Hey there! Welcome to Hostman! 🎉

How to Generate an SSH Key for Windows: a Step-by-Step Guide

06.02.2024
Reading time: 4 min
Hostman Team
Technical writer

SSH is an application layer network protocol used to connect to the server securely and manage it by remotely executing commands in the computer terminal. 

You can use passwords or SSH keys to connect to a server via SSH. In this article, we will look at how to generate SSH keys in the Windows operating system.

The advantage of the SSH keys method of connection is that it cannot be hacked, unlike a password.

To connect to the server, you will need two SSH keys:

  • Public key that is stored on the server in a specific directory. It is a combination of characters that encrypts data when accessing the server.

  • Private key that is an encrypted key stored on the client computer. It decrypts the received data. When generating it, you can add a passphrase for additional protection.

When connecting to the server, the system will check the SSH keys. The server will allow the connection if the public key matches the private key.

To fully use SSH keys' security advantages, we recommend disabling password authentication.

Generating SSH keys in Windows

There are two methods for generating SSH keys in Windows: using the OpenSSH client or the PuTTY client. 

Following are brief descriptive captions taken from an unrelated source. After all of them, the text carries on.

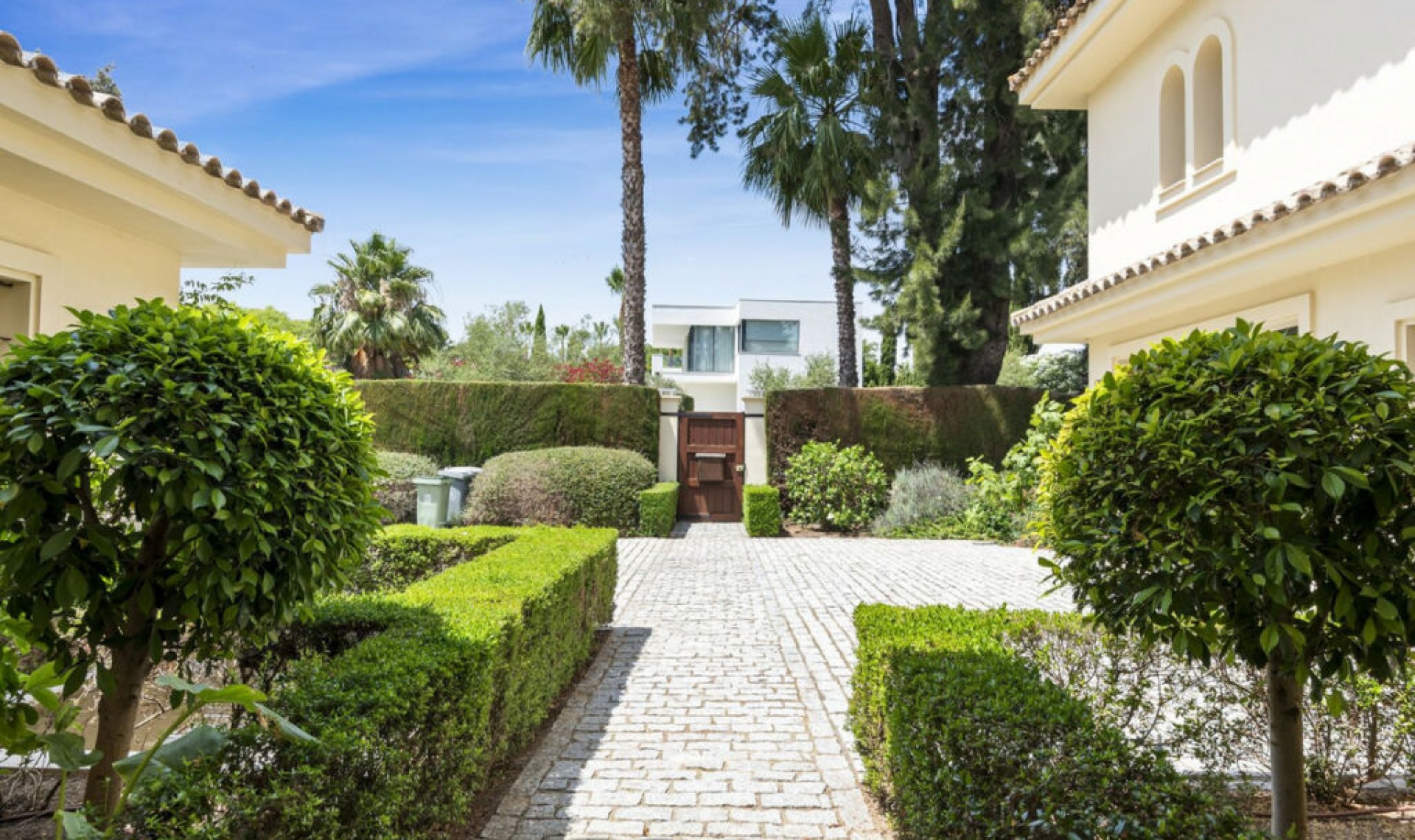 Resale - House -
Sotogrande Costa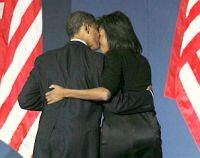 Barack e Michelle quebraram a formalidade da cerimônia de celebração da vitória, em Chicago.  Foto: Reuters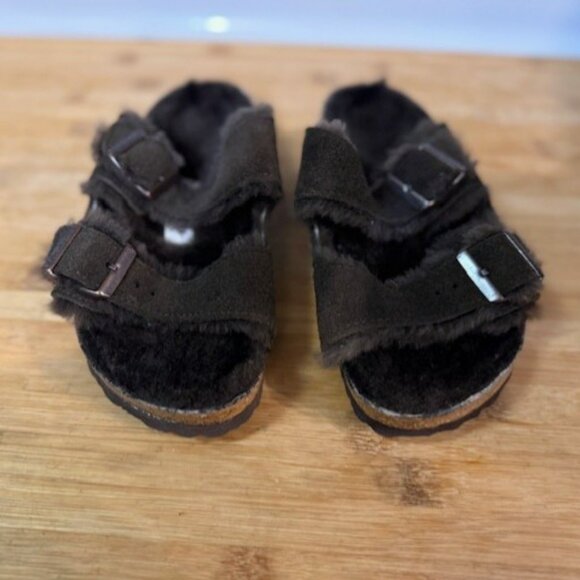 NWOT - Birkenstock Arizona Chocolate Suede Shearling Slide Sandal - Picture 4 of 16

The first method is more convenient and can be used on the newer Windows versions (starting from Windows 10) that have Windows PowerShell installed.

If your system doesn't have PowerShell, you can either install it from the Microsoft official website or use the second method: PuTTY.

OpenSSH client

  1. Right-click on the Start menu and select Windows PowerShell.

  2. In the PowerShell terminal run the command:

ssh-keygen

The system will prompt you to enter the path to the folder for storing the keys. Press Enter to save the keys in the default directory (.../.ssh/id_rsa).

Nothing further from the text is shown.